Retrieval-Augmented Generation with Documentation

aka. RAG Doctor 🧑‍⚕️

This repository showcases a Retrieval-Augmented Generation (RAG) system for interacting with documentation that uses natural language queries to retrieve and summarize relevant information.

interactive-demo.webm

Overview

Creates a Qdrant vector database for embeddings from the given CSV file(s)
- The vector database is used for fast similarity search to find relevant documentation
- We use a CSV based on Hugging Face documentation as an example
Uses OpenAI's embeddings for similarity search and GPT models for high-quality responses
Provides an interactive interface for querying the documentation using natural language
Each query retrieves the most relevant documentation snippets for context
Answers include source links for reference

Prerequisites

Valohai account to run the pipelines
OpenAI account to use their APIs
Less than $5 in OpenAI credits

Setup

If you can't find this project in your Valohai Templates, you can set it up manually:

Create a new project on Valohai
Set the project repository to: https://github.com/valohai/rag-doc-example
Save the settings and click "Fetch Repository"

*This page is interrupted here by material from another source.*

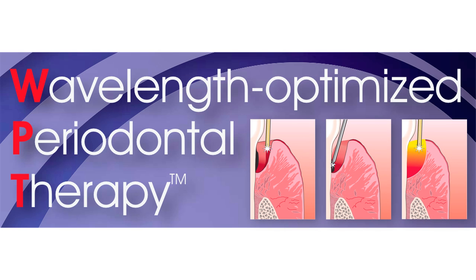Wavelink Optimized Periodontal Treatment: the minimally invasive way to treat moderate and advanced periodontal disease without flap surgery. Flapless minimally invasive surgery can be performed with the PowerLase AT to produce bone and periodontal tissue attachment and regeneration to a beautiful, healthy condition. This can be done without pain and swelling to our patients, and allows the general practitioner to keep these procedures in-house.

This makes sure the project is up to date
🔑 Create an OpenAI API key for this project
- We will need the API key next so record it down
Assign the API key to this project:

You will see ✅ Changes to OPENAI_API_KEY saved if everything went correctly.

And now you are ready to run the pipelines!

Usage

Navigate to the "Pipelines" tab
Click the "Create Pipeline" button
Select the "assistant-pipeline" pipeline template
Click the "Create pipeline from template" button
Feel free to look around and finally click the "Create pipeline" button

This will start the pipeline:

Feel free to explore around while it runs.

When it finishes, the last step will contain qualitative results to review:

This manual evaluation is a simplification how to validate the quality of the generated responses. "LLM evals" is a large topic outside the scope of this particular example.

Now you have a mini-pipeline that maintains a RAG vector database and allows you to ask questions about the documentation. You can ask your own questions by creating new executions based on the "do-query" step.

Next Steps

Automatic Deployment

The repository also contains a pipeline "assistant-pipeline-with-deployment" which deploys the RAG system to an HTTP endpoint after a manual human validation of the "manual-evaluation" pipeline step.

🤩 Show Me!

Create a Valohai Deployment to tell where the HTTP endpoint should be hosted:

You can use Valohai Public Cloud and valohai.cloud as the target when trialing out. Make sure to name the deployment public
Create a pipeline as we did before, but use the "assistant-pipeline-with-deployment" template.

The pipeline should look something like this.
The pipeline will halt to a "⏳️ Pending Approval" state, where you can click the "Approve" button to proceed.
After approval, the pipeline will build and deploy the endpoint.
You can use the "Test Deployment" button to run a test queries against the endpoint.

Using Other Models

This example uses OpenAI for both the embedding and query models.

Either could be changed to a different provider or a local model.

🤩 Show Me!

Changing models inside the OpenAI ecosystem is a matter of changing constants in src/rag_doctor/consts.py:

EMBEDDING_MODEL = "text-embedding-ada-002"
EMBEDDING_LENGTH = 1_536  # the dimensions of a "text-embedding-ada-002" embedding vector

PROMPT_MODEL = "gpt-4o-mini"
PROMPT_MAX_TOKENS = 128_000  # model "context window" from https://platform.openai.com/docs/models

Further modifying the chat model involves reimplementing the query logic in src/rag_doctor/query.py.

Similarly, modifying the embedding model is a matter of reimplementing the embedding logic in both src/rag_doctor/database.py and src/rag_doctor/query.py.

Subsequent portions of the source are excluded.